***** SUPPLIED INFORMATION *****
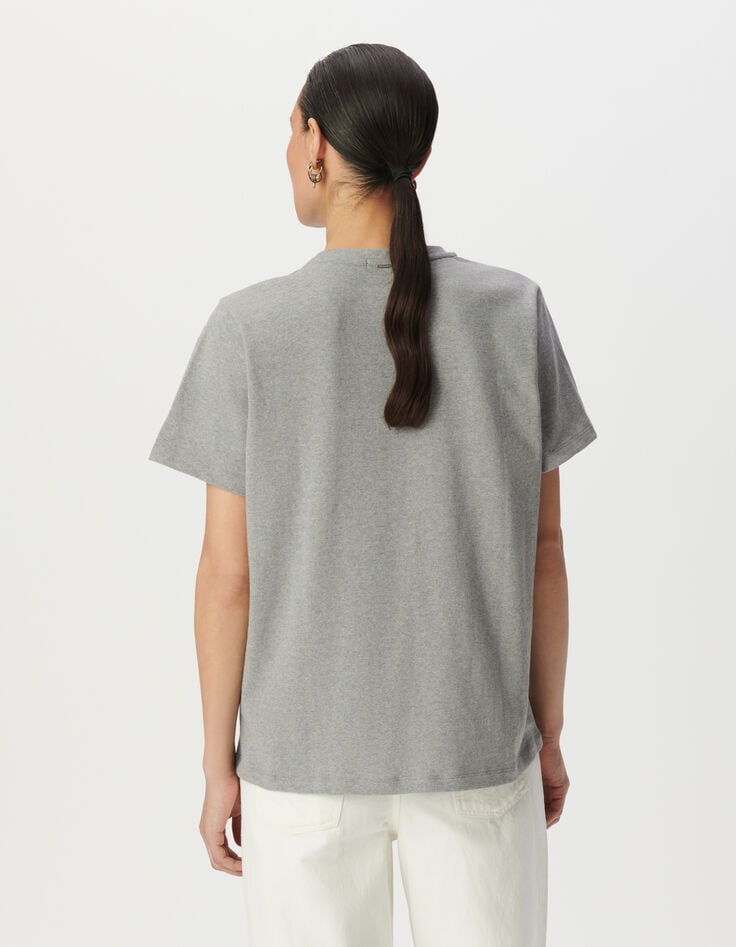 Grey short-sleeved T-shirt with slogan-3 Grey short-sleeved T-shirt with slogan-3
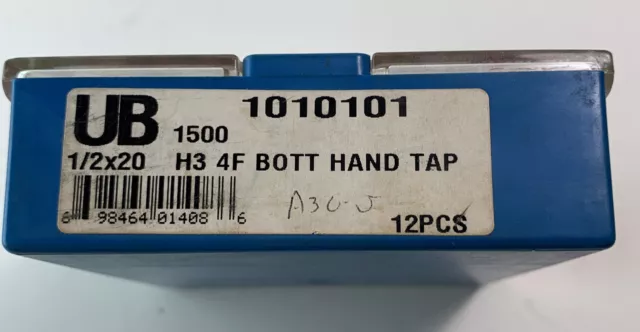 Union Butterfield 1/2-20 HSS Bottoming Taps GH3 4FL NF Right Hand (USA) 2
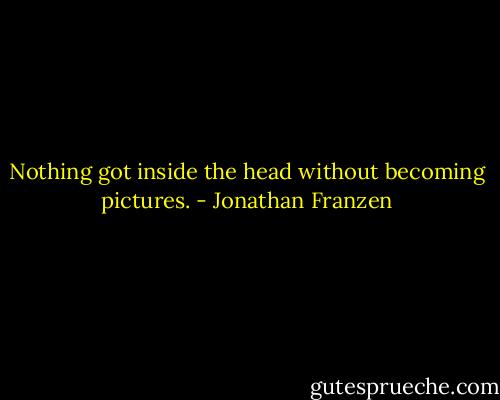 Nothing got inside the head without becoming pictures. - Jonathan Franzen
*****
◆ **WHAT THE TASK ASKS**
Transcribe the data completely. No pictures should appear in the transcription.

◆ **ANSWER TO THIS EXERCISE**
 Grey short-sleeved T-shirt with slogan-3 Grey short-sleeved T-shirt with slogan-3
 Union Butterfield 1/2-20 HSS Bottoming Taps GH3 4FL NF Right Hand (USA) 2
 Nothing got inside the head without becoming pictures. - Jonathan Franzen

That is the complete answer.